Los Santos Inocentes
Fiesta Litúrgica 28 de diciembre…
- Hoy también se festeja a:
- • Mattía Nazarei, Beata
- • Catalina (Caterina) Volpicelli, Santa
- • Gregorio (Hryhorij) Khomysyn, Beato
- • Gaspar de Búfalo, San
- • Los Santos Inocentes
Nunca perder a Jesús
Santo Evangelio según san Mateo 2, 13-18. Los Santos Inocentes
Por: Rubén Tornero, LC | Fuente: somosrc.mx

En el nombre del Padre y del Hijo y del Espíritu Santo.
Amén.
Cristo, Rey nuestro.
¡Venga tu Reino!
Oración preparatoria (para ponerme en presencia de Dios)
Jesús, te doy gracias de todo corazón por este momento que me regalas para tener un encuentro personal contigo. Amado Jesús, creo en ti. Creo que te has hecho hombre porque me amas y quieres que yo también te amé. Confío en ti. Confío en que puedo abandonarme en tus manos. Confío en tus obras, pues aunque no siempre las entienda, sé que Tú sólo quieres y haces lo que es mejor para mí. Te amo, Jesús, por ser Tú quien eres y porque me amas así como soy. Gracias por todo, Jesús.
Evangelio del día (para orientar tu meditación)
Del santo Evangelio según san Mateo 2, 13-18
Después de que los magos partieron de Belén, el ángel del Señor se le apareció en sueños a José y le dijo: «Levántate, toma al niño y a su Madre, y huye a Egipto. Quédate allá hasta que yo te avise porque Herodes va a buscar al niño para matarlo».
José se levantó y esa misma noche tomó al niño y a su Madre y partió para Egipto, donde permaneció hasta la muerte de Herodes.
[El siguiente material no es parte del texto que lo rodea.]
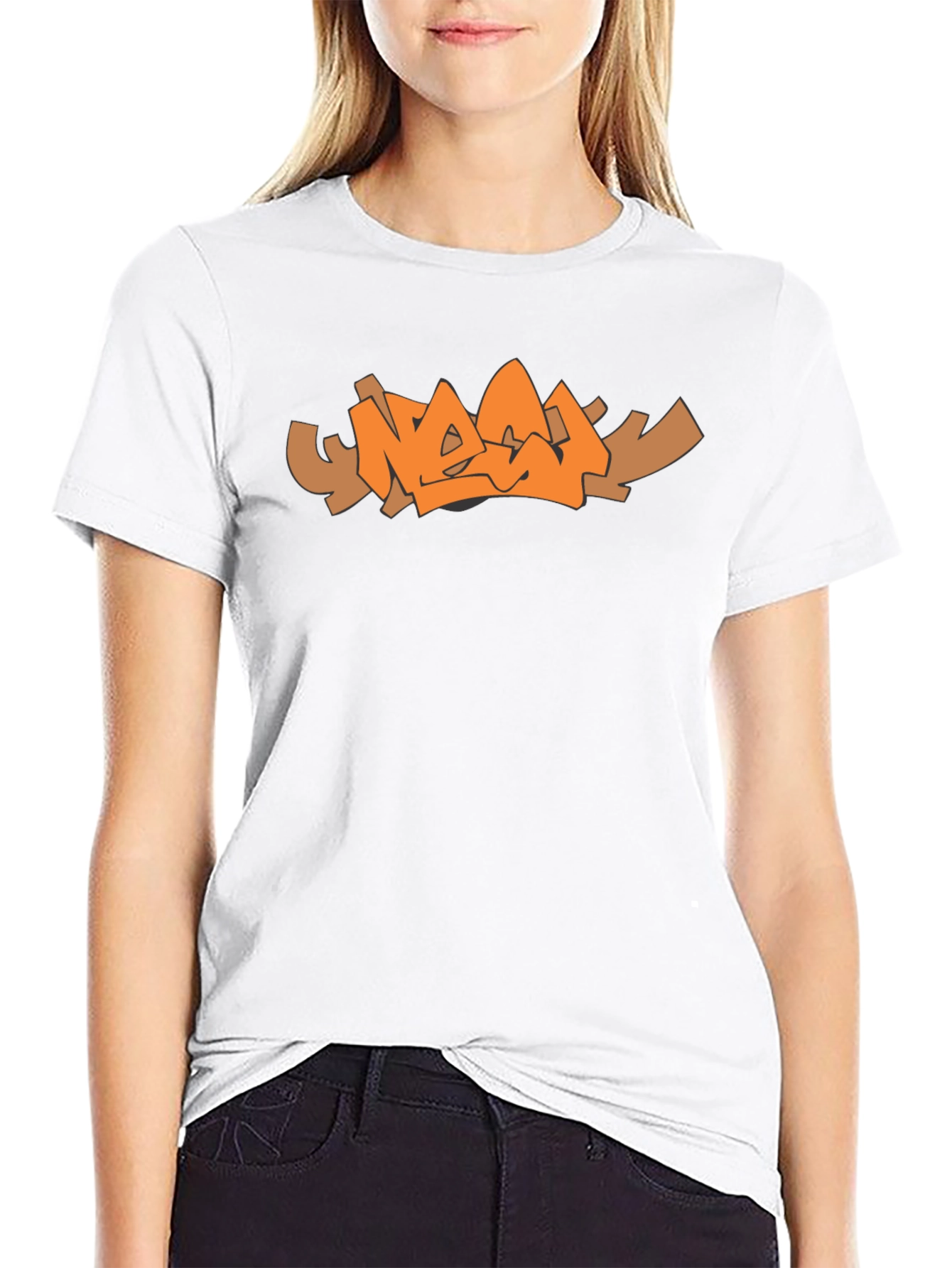 Graffiti Style T-Shirt - Bold Streetwear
Así se cumplió lo que dijo el Señor por medio del profeta: De Egipto llamé a mi hijo.
Cuando Herodes se dio cuenta de que los magos lo habían engañado, se puso furioso y mandó matar, en Belén y sus alrededores, a todos los niños menores de dos años, conforme a la fecha que los magos le habían indicado.
Así se cumplieron las palabras del profeta Jeremías: En Ramá se ha escuchado un grito, se oyen llantos y lamentos: es Raquel que llora por su hijos y no quiere que la consuelen, porque ya están muertos.
Palabra del Señor.
Medita lo que Dios te dice en el Evangelio
San José, hoy te miro en el Evangelio y encuentro en ti un ejemplo hermoso de las características que debe tener mi vida de cristiano: escucha atenta, obediencia pronta y vida cristocéntrica.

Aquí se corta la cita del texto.